- Origin: , Japan
- Genres: Rock, ska, Funk
- Years active: 1990–present
- Website: www.unscandal.com

= Unscandal =

UNSCANDAL is a rock band based in Tokyo, Japan. The band currently consists of 4 members. UNSCANDAL currently mainly performs live in the Kantō region of Japan. The band is most well known for performing the theme music for the anime School Rumble. UNSCANDAL performed as part of a promotional concert in December 2004 in School Rumble Presents Come! Come! Welcome? Party for School Rumble alongside Yui Horie. The concert was released on DVD in 2005.

==Lineup==
- Takayuki Suzu-ki – vocals, trumpet
- Kanpey Hakama – bass
- Jackey Amano – drums
- kozzz – guitar
"UNSCANDAL Profiles"

==History==
UNSCANDAL was formed by Takayuki Suzu-ki in Tokyo in July, 1990.
Hybrid brass rock bands by the Japanese crazy men. Funk, Latin, ska, punk mixture... They go back and forth with the various music genres and utter happy music all over the world.

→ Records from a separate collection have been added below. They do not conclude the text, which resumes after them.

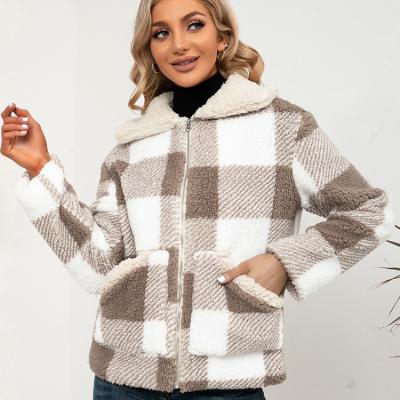 China Breathable Winter Sherpa Fleece Plaid Printing Super Cozy Women's Jacket for sale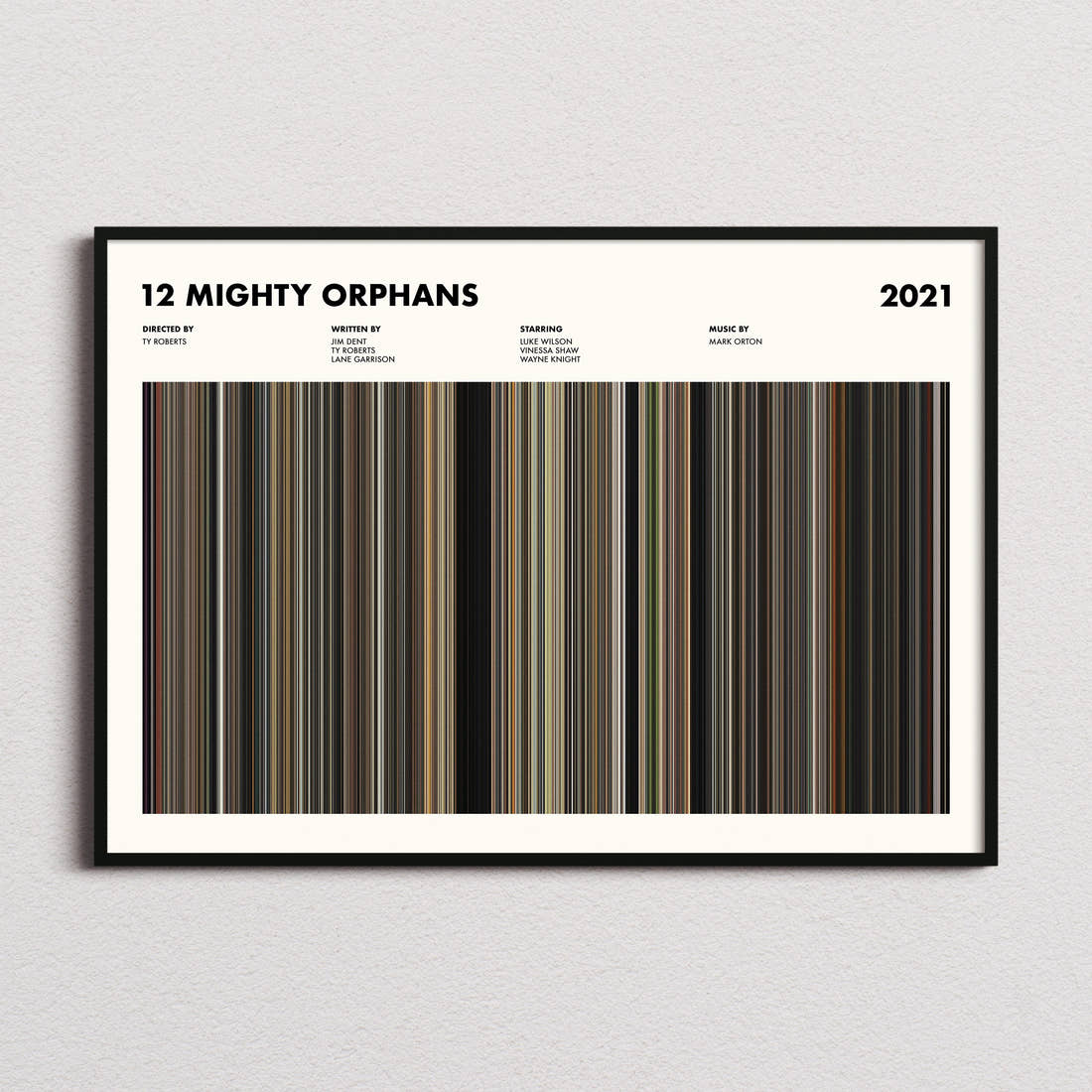 12 Mighty Orphans Movie Barcode Poster framed and photographed straight on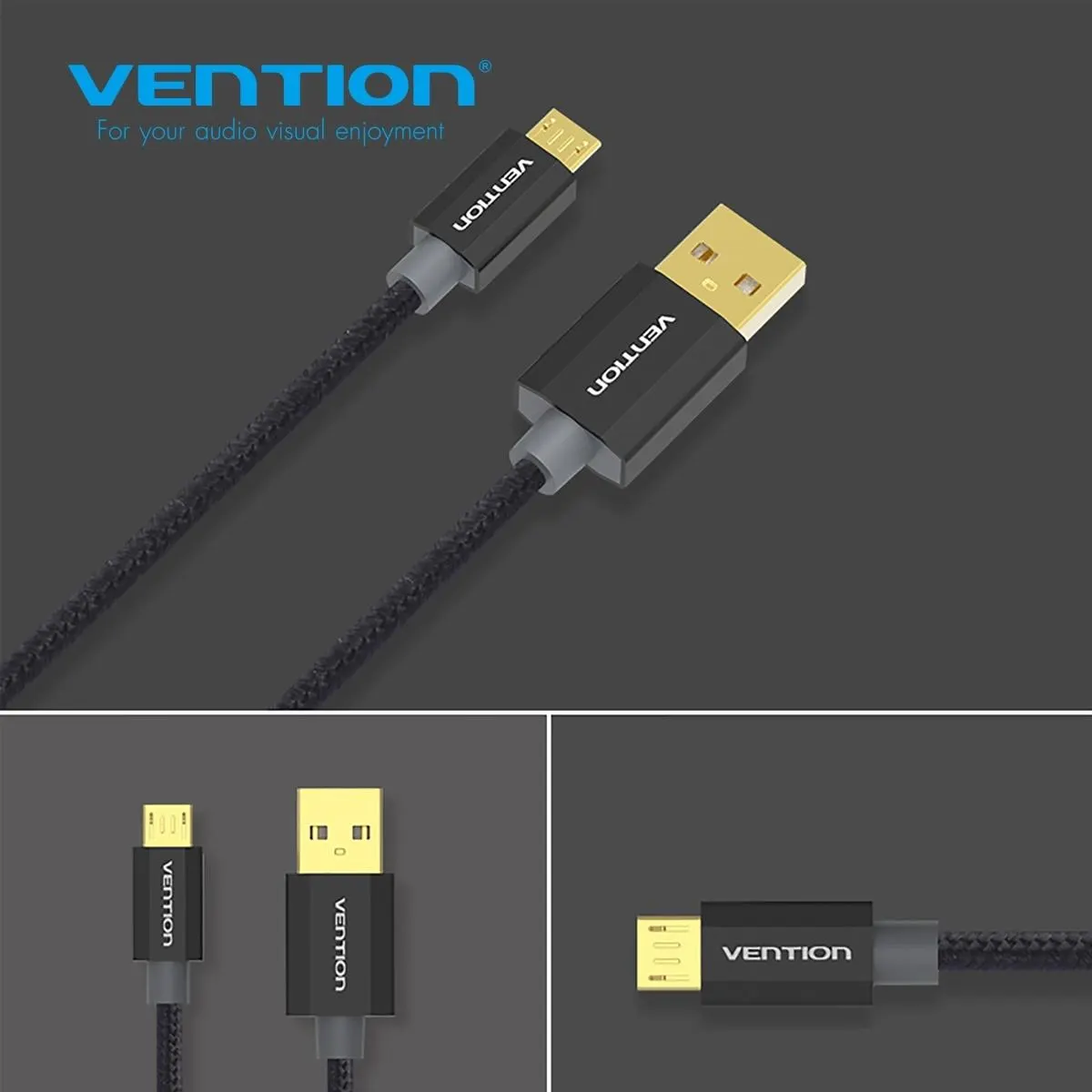 CADBH, VENTION CADBH Cotton Braided USB2.0 A Male to Micro B Male Cable 2M Black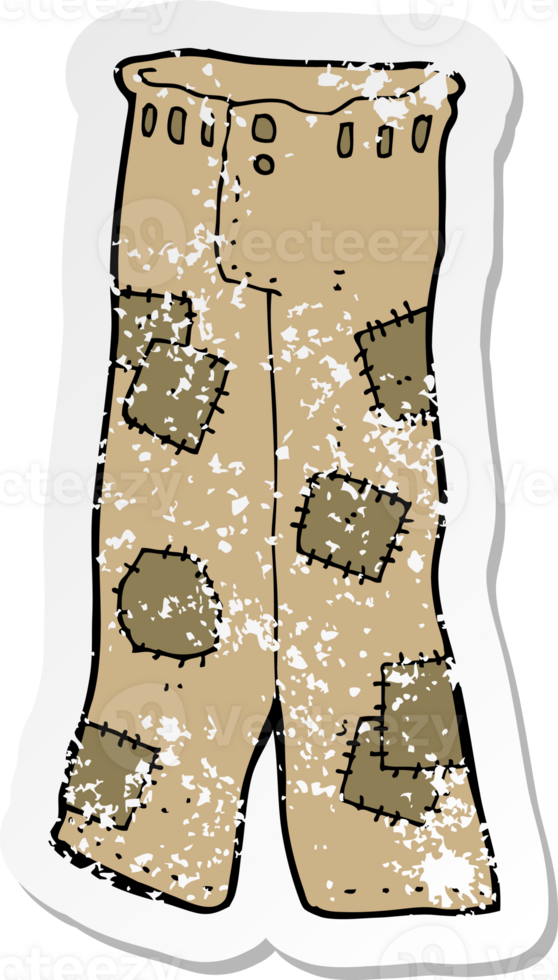 retro distressed sticker of a cartoon patched old pants png
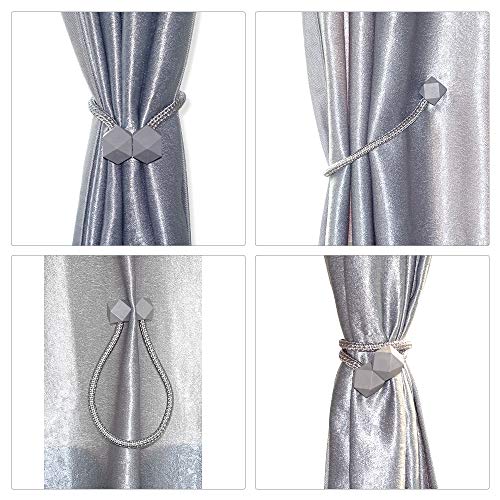 image for HHGZON 2PCS Magnetic Curtain Tiebacks Wheat Straw Material Diamond Sty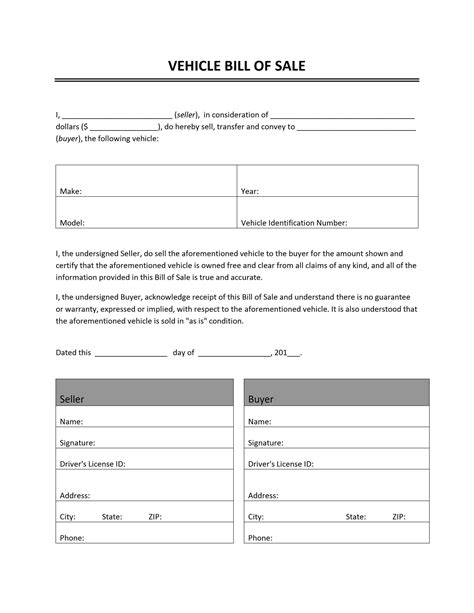 Free Printable Auto Bill of Sale Form (GENERIC)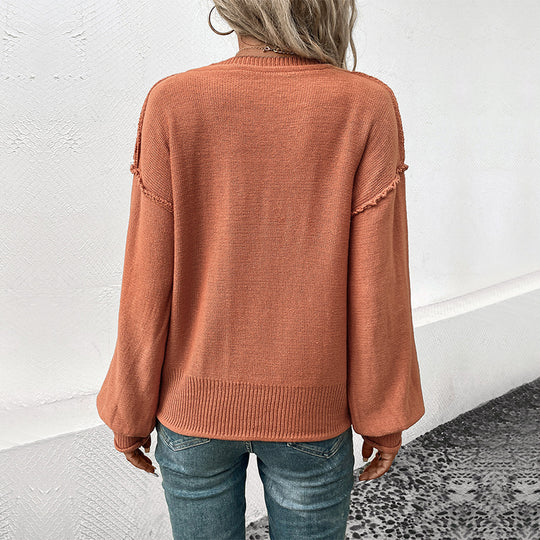 Damen lässiger Pullover mit weit geschnittenen Ärmeln und V-Ausschnitt Heidi-Mode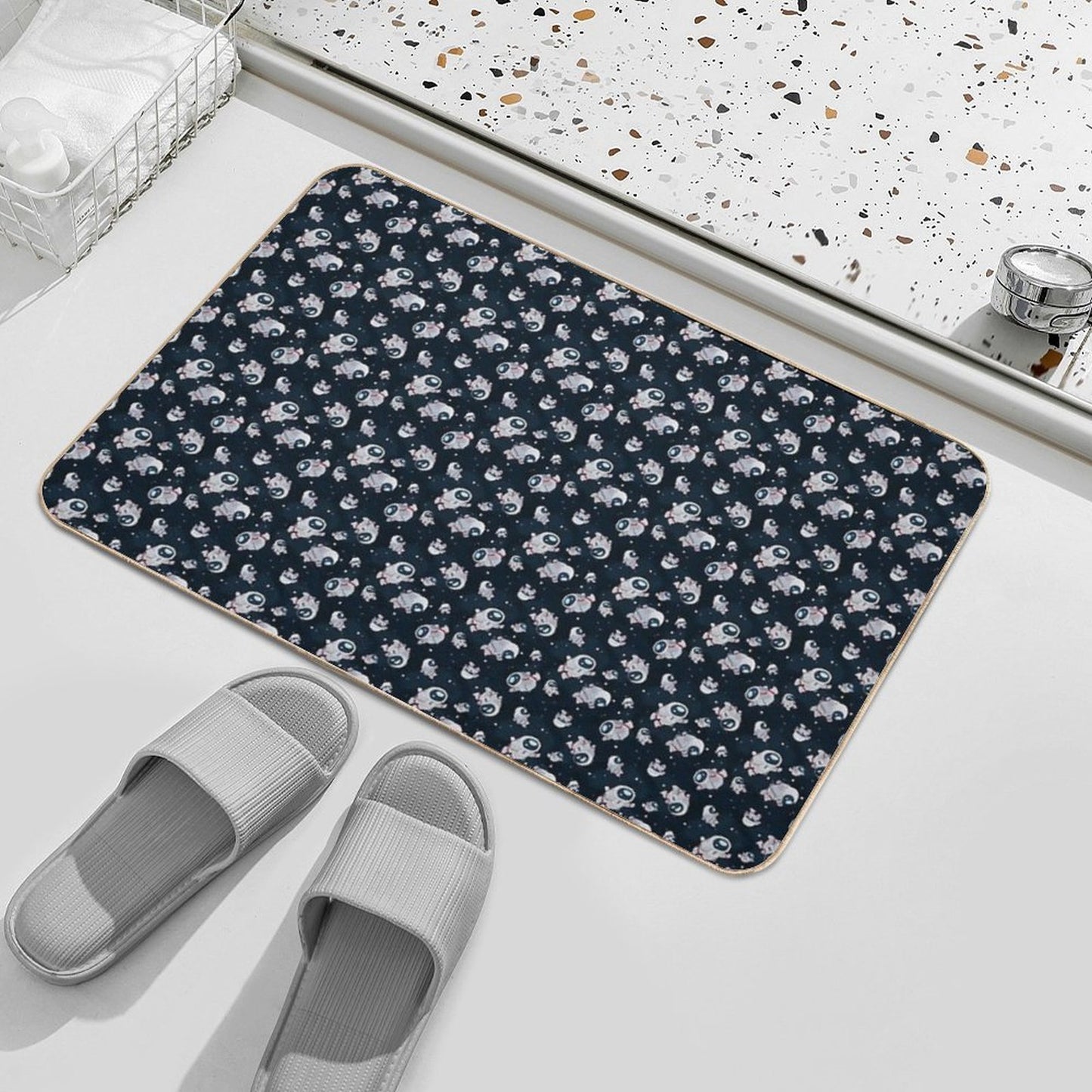 Floating Astronauts Rapid-Drying Bath Mat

The first maxi single CD "UNSCANDAL UNO" was released in September, 1999 from independent label. In spring, 2003, they supported the recording of album "POP" of LÄ-PPISCH. Gajiro Satoh performed in a live tour in Japan of LÄ-PPISCH as a support trombone player. UNSCANDAL also performed as a front act.

Their song "SCRAMbLE" was used as the opening theme of the anime School Rumble and was released as "Yui Horie with UNSCANDAL" in October 2004. This song got the thirteenth place in Japanese music chart "ORICON."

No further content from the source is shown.